Однако известно, что полковник Фурсин был отстранён от командования. Жуков, решавший подобные задачи очень быстро и радикально, на 149-ю дивизию поставил подполковника Батракова, который командовал в соседней дивизии стрелковым полком. Получивший звание Героя Советского Союза за августовские бои и только что вернувшийся из госпиталя, подполковник Батраков быстро собрал разбежавшиеся войска, и брешь в порядках Резервного фронта была заделана. Полковник Фурсин, по всей вероятности, был отдан под суд. Но наказание было нестрогим, потому что в 1943 году он уже командовал гвардейской дивизией. Можно предположить, что виновных всё же нашли и наказали. И вовсе не потому, что комфронта лично приказал. А прежде всего потому, что части дивизии дрогнули, что подставили под удар своих соседей. И — потому, что действовал приказ Ставки № 270. Приказ предельно жёсткий. Появился он, уже когда Жуков был в Гжатске, в войсках, занимавших позиции по периметру Ельнинского выступа, но подпись Жукова под ним есть. Как члена Ставки, то есть «военно-политического руководства страны». Этим документом вводились беспрецедентные репрессивные меры, которые развязывали руки в первую очередь особым отделам, работникам НКВД в войсках.

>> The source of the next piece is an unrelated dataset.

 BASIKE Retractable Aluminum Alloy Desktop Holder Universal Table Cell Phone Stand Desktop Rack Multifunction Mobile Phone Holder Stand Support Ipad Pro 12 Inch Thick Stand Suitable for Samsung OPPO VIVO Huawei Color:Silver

Согласно приказу от 16 августа 1941 года № 270, командиры и политработники, сдавшиеся в плен, ставили себя вне закона и подлежали расстрелу на месте. «Обязать каждого военнослужащего, независимо от его служебного положения, — требовал приказ, — уничтожать их всеми средствами». Члены семей военнослужащих, осуждённых к высшей мере за измену родине, подлежали немедленному аресту и ссылке сроком на пять лет. Семьи красноармейцев, сдавшихся в плен, лишались государственного пособия и какой бы то ни было помощи. Таким образом, уже в первые месяцы военно-политическое руководство страны сформировало отношение к военнопленным своей армии, и это отношение, хотя и затухая за давностью лет, длилось ещё несколько десятилетий после войны. Текст приказа писал, по всей вероятности, сам Сталин, писал в приступе гнева и потому перепутал должности и звания генералов, попавших в плен. Никто из членов Ставки, подписавших текст, не посмел поправить Верховного. Жукова в Москве не было. Уже тогда было ясно, что под действие некоторых пунктов приказа подпадали и правые, и виноватые. Но впопыхах разбираться было некогда.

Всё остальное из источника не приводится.